What to do: Search the data below for "Duty"; list each line that holds it.

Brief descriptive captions
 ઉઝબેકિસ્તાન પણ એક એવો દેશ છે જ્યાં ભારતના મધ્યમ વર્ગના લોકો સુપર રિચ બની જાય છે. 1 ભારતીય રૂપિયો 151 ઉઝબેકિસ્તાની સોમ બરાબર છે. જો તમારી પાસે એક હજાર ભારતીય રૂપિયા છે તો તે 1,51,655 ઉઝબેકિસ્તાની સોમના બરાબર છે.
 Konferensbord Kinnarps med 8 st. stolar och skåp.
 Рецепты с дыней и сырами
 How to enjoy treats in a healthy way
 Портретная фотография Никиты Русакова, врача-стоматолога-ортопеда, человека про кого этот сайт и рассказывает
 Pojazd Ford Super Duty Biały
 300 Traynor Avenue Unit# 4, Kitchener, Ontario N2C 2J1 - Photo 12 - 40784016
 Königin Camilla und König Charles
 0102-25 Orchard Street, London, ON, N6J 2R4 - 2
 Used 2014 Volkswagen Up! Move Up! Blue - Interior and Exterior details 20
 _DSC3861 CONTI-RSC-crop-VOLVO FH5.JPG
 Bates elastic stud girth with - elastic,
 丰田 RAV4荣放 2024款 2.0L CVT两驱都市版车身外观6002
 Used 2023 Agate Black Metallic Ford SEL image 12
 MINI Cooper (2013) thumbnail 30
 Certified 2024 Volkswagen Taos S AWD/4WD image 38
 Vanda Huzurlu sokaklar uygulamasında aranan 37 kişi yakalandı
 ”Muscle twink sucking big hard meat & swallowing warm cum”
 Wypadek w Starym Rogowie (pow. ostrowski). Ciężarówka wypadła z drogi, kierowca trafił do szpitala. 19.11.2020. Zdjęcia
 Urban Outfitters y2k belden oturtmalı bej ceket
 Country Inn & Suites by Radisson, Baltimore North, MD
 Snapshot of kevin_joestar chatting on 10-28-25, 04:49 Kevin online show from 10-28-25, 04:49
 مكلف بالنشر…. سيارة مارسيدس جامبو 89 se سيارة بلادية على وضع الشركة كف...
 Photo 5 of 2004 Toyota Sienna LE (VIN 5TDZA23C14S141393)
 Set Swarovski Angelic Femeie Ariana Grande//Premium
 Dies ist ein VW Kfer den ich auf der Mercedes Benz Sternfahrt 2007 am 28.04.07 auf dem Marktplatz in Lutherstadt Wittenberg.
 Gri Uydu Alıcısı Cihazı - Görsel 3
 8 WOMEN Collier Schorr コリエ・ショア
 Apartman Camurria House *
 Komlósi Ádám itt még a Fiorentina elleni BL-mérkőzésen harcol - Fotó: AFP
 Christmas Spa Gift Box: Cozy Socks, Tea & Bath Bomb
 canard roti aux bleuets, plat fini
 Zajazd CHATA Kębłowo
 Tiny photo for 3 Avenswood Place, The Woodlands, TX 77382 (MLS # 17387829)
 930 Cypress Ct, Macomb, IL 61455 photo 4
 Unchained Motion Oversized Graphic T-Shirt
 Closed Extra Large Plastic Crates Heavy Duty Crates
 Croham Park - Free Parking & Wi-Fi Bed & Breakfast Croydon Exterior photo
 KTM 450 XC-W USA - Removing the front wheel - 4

Solution to the exercise:
 Pojazd Ford Super Duty Biały
 Closed Extra Large Plastic Crates Heavy Duty Crates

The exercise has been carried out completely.